Cannot login with iGPU, when cable is attached on dGPU

About a year ago, I made this post, trying to figure out how to isolate my dGPU for pass-through to a VM. I never managed to make it work, and I was using a workaround, removing the cable until I need it.

Originally I thought the problem was that both my iGPU & dGPU were AMD, so it couldn’t load the driver first and last at the same time. Therefore, I decided to replace my 6900XT with an Nvidia RTX 4080. Unfortunately, this didn’t solve the issue either.

Later on, I moved my main screen to the right side and got as main an Alienware, where to my surprise was behaving better, I didn’t have to remove the cable, but just to switch on the monitor, after the boot selection screen. Much more convenient, but it didn’t last.

That monitor kept failing, so I had to refund it and replace it with an Asus, which sent me back to square 1, where I have to remove the cable again. And that made me mad, so I decided to solve this issue once and for all.

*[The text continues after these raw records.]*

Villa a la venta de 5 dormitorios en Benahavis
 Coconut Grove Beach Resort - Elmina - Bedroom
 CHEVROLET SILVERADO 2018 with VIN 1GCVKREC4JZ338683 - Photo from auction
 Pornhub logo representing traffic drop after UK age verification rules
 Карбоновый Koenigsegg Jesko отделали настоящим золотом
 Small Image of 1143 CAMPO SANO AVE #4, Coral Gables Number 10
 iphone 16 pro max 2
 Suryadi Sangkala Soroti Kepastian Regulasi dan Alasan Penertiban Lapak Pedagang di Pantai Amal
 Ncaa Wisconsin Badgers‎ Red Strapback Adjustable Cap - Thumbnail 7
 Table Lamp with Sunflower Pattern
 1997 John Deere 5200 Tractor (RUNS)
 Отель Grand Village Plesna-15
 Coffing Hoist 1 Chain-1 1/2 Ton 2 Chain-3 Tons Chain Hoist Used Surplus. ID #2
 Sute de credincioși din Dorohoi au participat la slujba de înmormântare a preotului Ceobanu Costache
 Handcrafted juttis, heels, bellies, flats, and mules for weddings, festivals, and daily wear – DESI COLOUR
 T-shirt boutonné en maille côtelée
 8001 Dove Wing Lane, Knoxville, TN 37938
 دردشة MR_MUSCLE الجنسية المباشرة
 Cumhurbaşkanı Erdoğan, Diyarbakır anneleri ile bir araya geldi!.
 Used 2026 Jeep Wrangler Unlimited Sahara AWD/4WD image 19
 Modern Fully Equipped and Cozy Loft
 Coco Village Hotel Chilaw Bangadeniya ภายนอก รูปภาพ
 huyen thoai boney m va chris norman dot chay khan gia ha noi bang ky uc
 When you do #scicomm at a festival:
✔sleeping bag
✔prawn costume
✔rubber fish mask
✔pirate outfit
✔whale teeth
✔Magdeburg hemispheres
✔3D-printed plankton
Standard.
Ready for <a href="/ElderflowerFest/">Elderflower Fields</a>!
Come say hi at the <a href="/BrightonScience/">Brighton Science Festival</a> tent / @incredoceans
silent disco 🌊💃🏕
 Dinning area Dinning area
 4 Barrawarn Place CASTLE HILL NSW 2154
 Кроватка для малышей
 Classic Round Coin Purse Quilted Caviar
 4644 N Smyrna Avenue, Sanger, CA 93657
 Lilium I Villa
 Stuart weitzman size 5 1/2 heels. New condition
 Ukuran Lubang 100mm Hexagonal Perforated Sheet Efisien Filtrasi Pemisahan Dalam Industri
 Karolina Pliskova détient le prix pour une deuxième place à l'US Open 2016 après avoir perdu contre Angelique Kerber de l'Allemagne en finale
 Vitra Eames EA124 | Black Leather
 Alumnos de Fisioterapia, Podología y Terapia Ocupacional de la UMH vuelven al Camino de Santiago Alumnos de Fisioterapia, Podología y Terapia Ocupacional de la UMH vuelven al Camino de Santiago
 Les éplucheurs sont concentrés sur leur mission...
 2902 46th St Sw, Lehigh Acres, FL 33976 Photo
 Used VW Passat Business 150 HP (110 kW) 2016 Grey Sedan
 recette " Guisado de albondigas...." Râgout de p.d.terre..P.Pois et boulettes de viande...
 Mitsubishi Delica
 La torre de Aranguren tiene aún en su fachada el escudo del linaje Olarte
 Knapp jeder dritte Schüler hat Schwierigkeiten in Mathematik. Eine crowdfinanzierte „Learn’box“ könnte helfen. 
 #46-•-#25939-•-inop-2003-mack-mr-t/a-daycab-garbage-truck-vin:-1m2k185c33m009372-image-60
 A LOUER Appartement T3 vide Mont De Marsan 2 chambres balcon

I know that the problem is in the motherboard firmware, I filed an INC back then to Gigabyte, but they suggested it is a software issue, and they sent me a video with Windows 10, working fine. However, I am sure it is firmware related, since it happens when I enter in BIOS settings, the screen appears on my dGPU connected monitor.

I am not very positive, on getting a fix from their side, so here I am again.

Since Windows is working, there should be a way to make Linux work too. I have been trying multiple configurations since last week, where I got the new monitor, but no luck. I have re-installed Manjaro multiple times, just to clean things up, and keep trying whatever solutions I have found online, but none of them works.

My current setup:

GRUB_CMDLINE_LINUX_DEFAULT="resume=UUID=ff3443f9-1bb6-4670-81e5-2c14956e7a45 udev.log_priority=3 video=efifb:off amdgpu.dc=1 amdgpu.modeset=0 nouveau.modeset=1"

mkinitcpio.conf

MODULES=(amdgpu)
HOOKS=(base udev autodetect kms modconf block keyboard keymap consolefont plymouth resume filesystems fsck)

modprobe.d/vfio.conf

blacklist nouveau
blacklist nvidia
blacklist nvidia-drm
blacklist nvidia-modeset
softdep nvidia pre: vfio-pci
options vfio_pci ids=10de:2704,10de:22bb

This is the result, but only if I boot without the cable attached:

01:00.0 VGA compatible controller [0300]: NVIDIA Corporation AD103 [GeForce RTX 4080] [10de:2704] (rev a1)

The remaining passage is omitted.